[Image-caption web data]
* * *
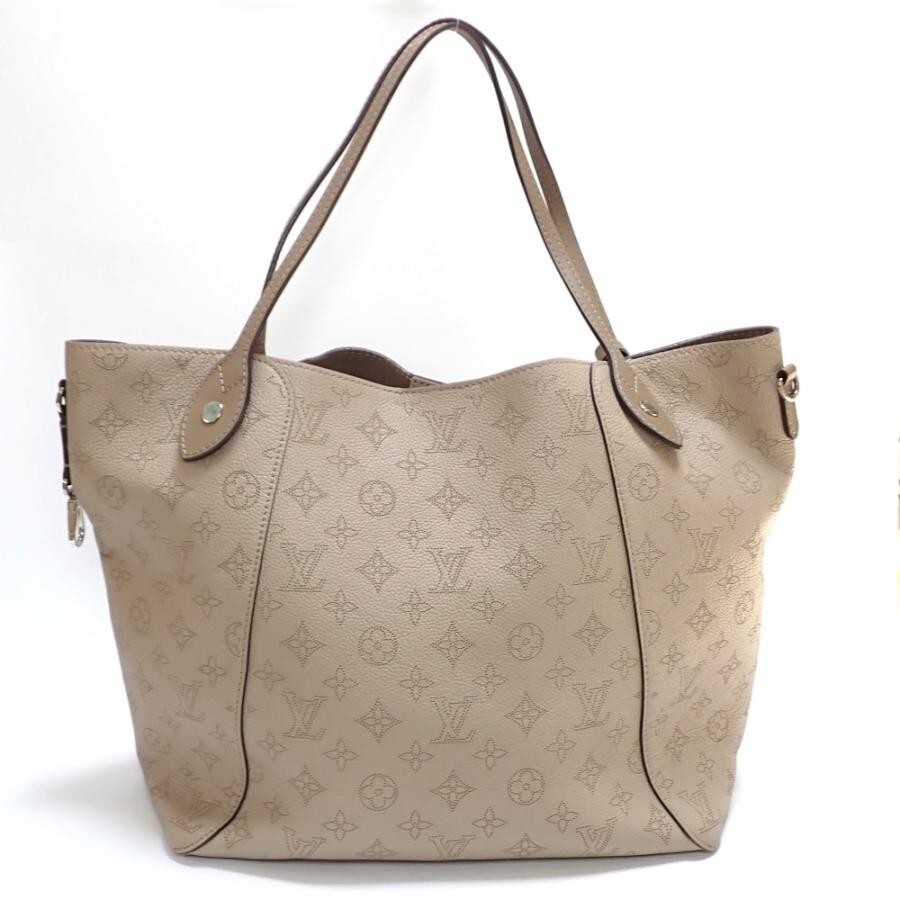 Louis Vuitton Hina Tote MM Galet Gray Mahina Perforated Leather 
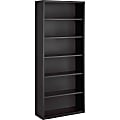 Lorell® Fortress 82"H 6-Shelf Contemporary Bookcase, Gray/Dark Finish, Standard Delivery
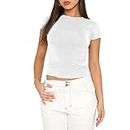 Camiseta Básica Slim Fit para Mujer Top Manga Corta Y2K Tops TikTok Influence Crop Top Club Party Streetwear(White-1, S)
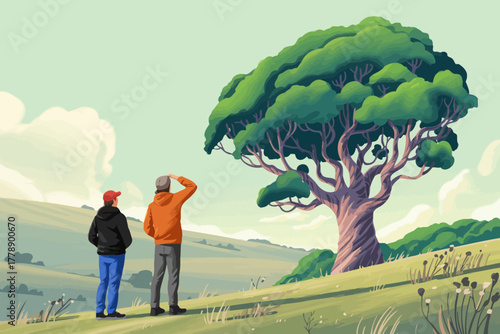 In this engaging artwork, two explorers stand in awe of a unique tree in the wilderness, highlighting themes of adventure, companionship, and the wonder of natural beauty.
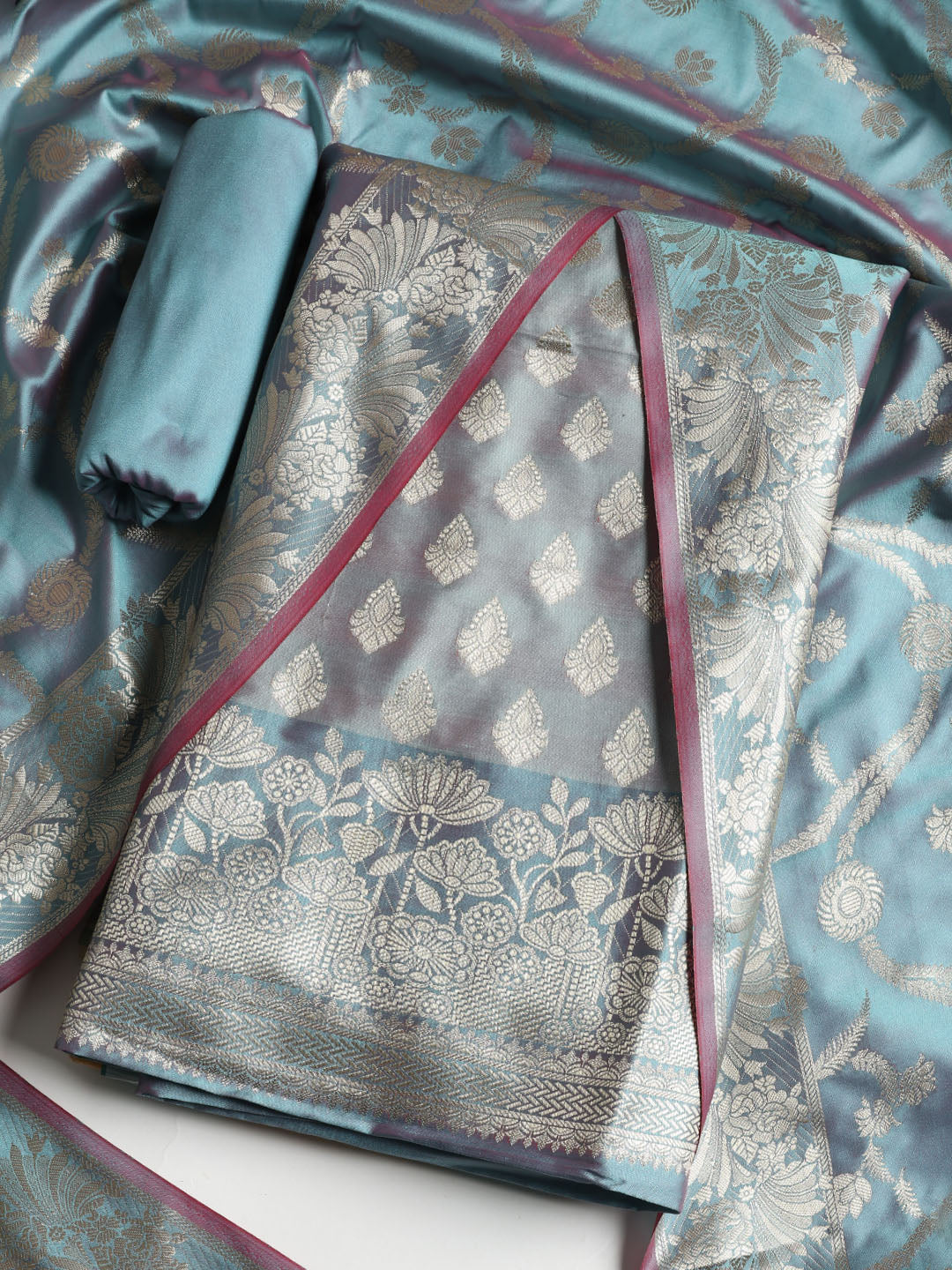 Woven Banarasi Chanderi Unstitched Suit With Dupatta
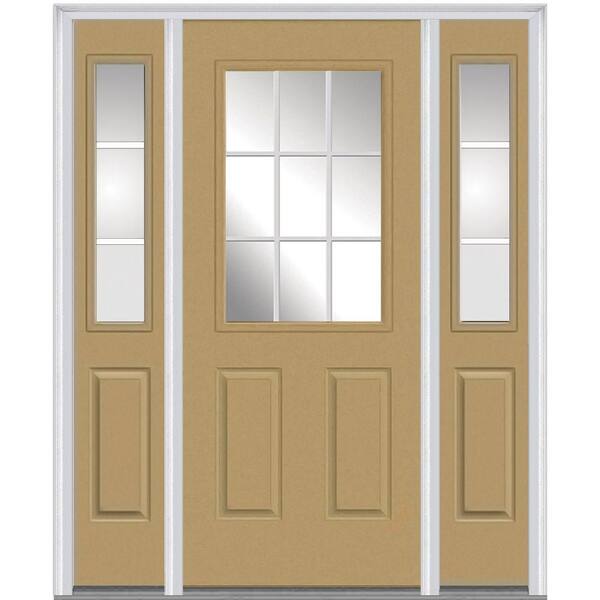 MMI Door 60 in. x 80 in. Internal Grilles Right-Hand Inswing 1/2-Lite Clear Painted Steel Prehung Front Door with Sidelites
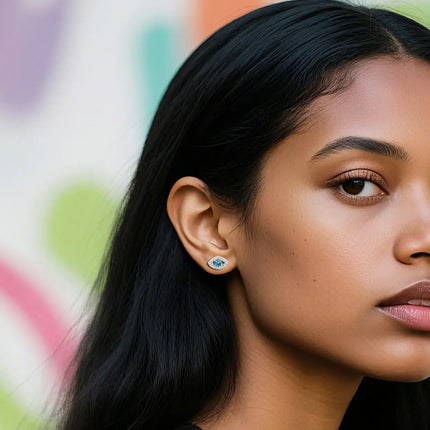 S925 Moissanite Blue Evil Eye Stud Earrings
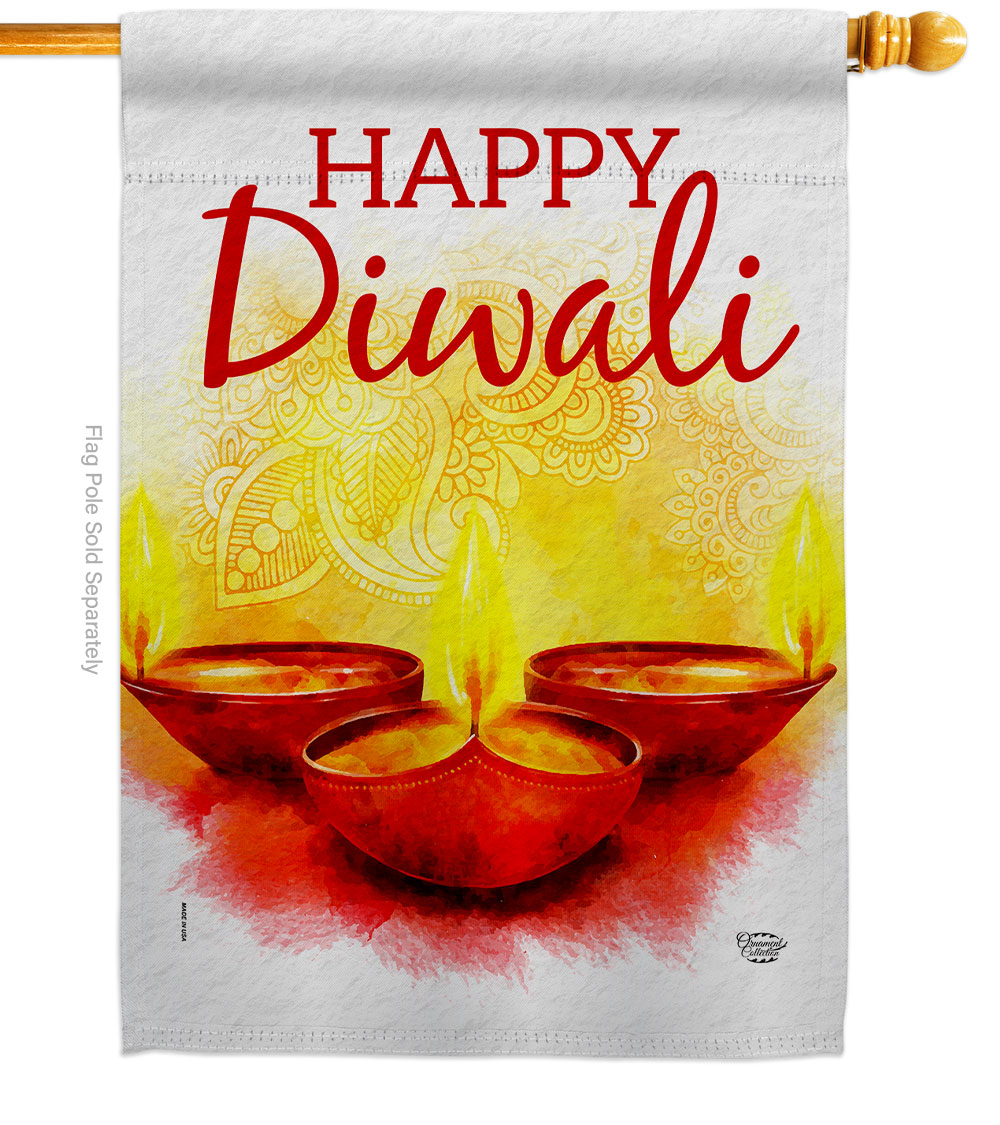 Diwali Greeting Celebration Double-Sided Garden Decorative House Flag, Multi Color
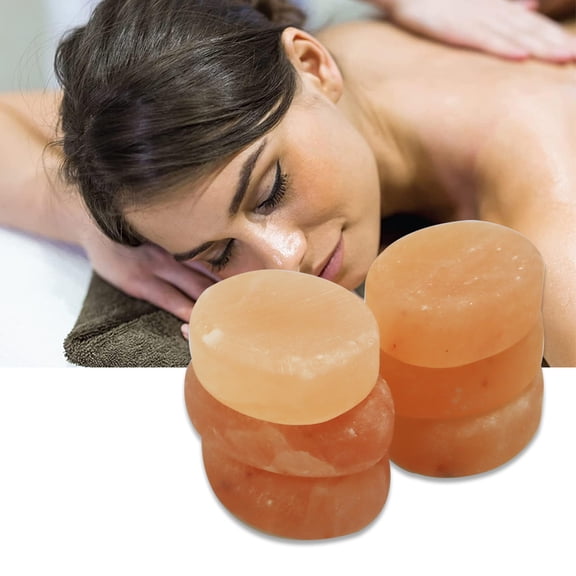 Pure Himalayan Salt Works Flat Oval Massage Stone, Pink Crystal Hand-Carved Stone for Massage Therapy, Deodorant and Salt and Sugar Scrubs (Pack of 6)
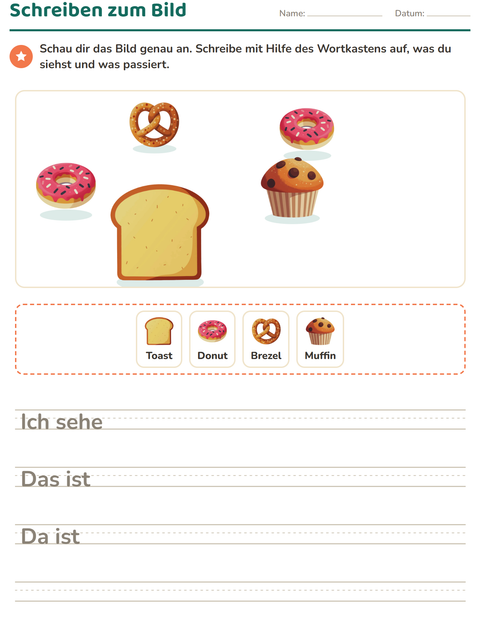 Vorschau: Schreiben zum Bild-Arbeitsblatt mit Bäckerei für 2. Klasse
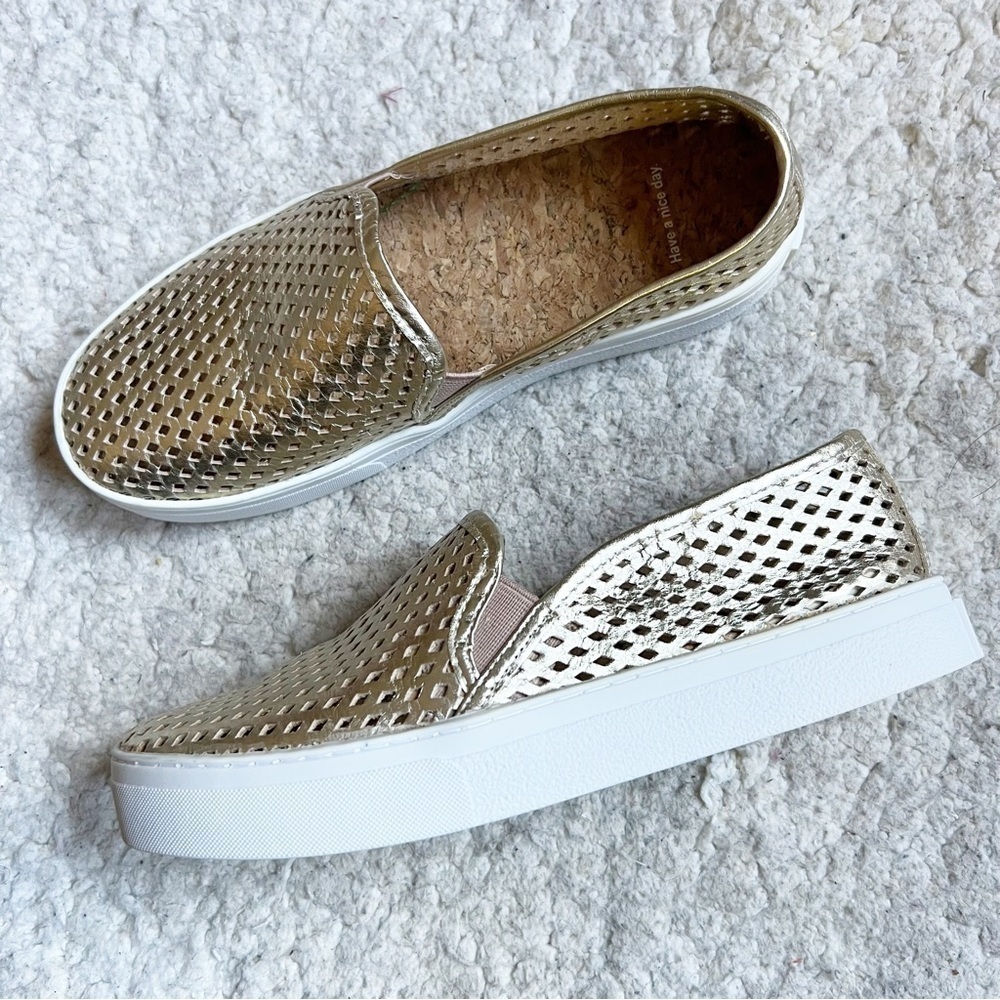 Jibs Classic Metallic Perforated Gold Leather Slip-On Trainers Sneakers Size 6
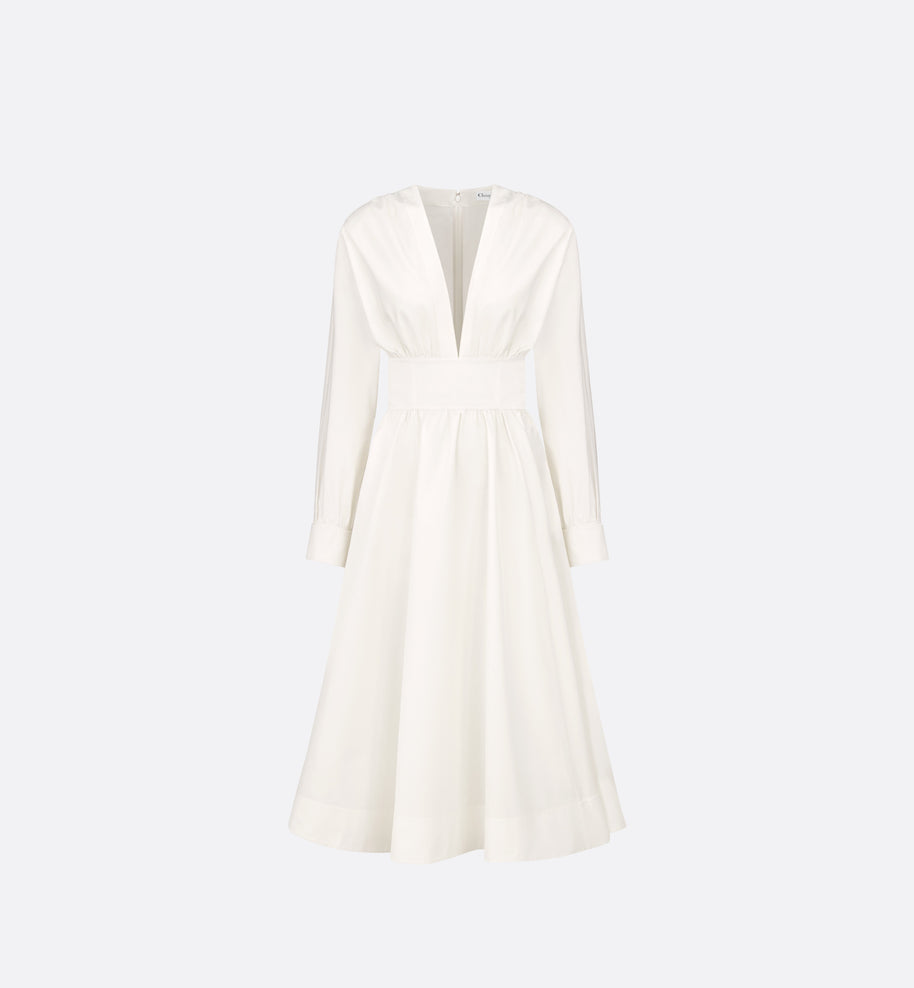 Flared Mid-Length Dress • Ecru Cotton and Silk Poplin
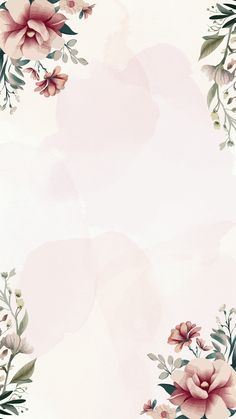 a pink and white floral background with watercolor flowers on the bottom right hand corner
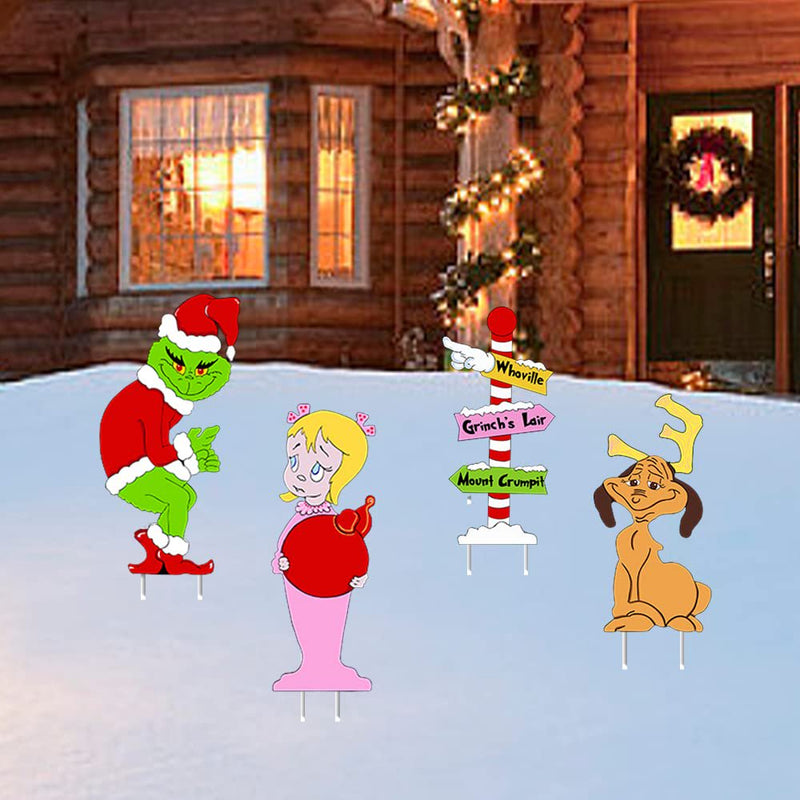 Gr1Nch Christmas Decorations, 4PCS Yard Signs with Stakes, Gr1Nch Cindy Max Whoville Sign for Xmas Garden Lawn Decor, Gr1Nch Stealing Christmas Decor Party Supplies Holiday Decorations Outdoor Home & Garden > Decor > Seasonal & Holiday Decorations& Garden > Decor > Seasonal & Holiday Decorations Kcysta   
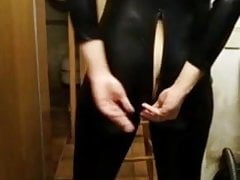 Latex wetlook catsuit cam slave anal 1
* * *
• _EXERCISE DESCRIPTION_: Beginning with the line that contains "Jibs Classic Metallic", reproduce every line through the end of the records above exactly, leaving pictures out.

• _OUTPUT FOR THIS TASK_:
 Jibs Classic Metallic Perforated Gold Leather Slip-On Trainers Sneakers Size 6
 Flared Mid-Length Dress • Ecru Cotton and Silk Poplin
 a pink and white floral background with watercolor flowers on the bottom right hand corner
 Gr1Nch Christmas Decorations, 4PCS Yard Signs with Stakes, Gr1Nch Cindy Max Whoville Sign for Xmas Garden Lawn Decor, Gr1Nch Stealing Christmas Decor Party Supplies Holiday Decorations Outdoor Home & Garden > Decor > Seasonal & Holiday Decorations& Garden > Decor > Seasonal & Holiday Decorations Kcysta   
 Latex wetlook catsuit cam slave anal 1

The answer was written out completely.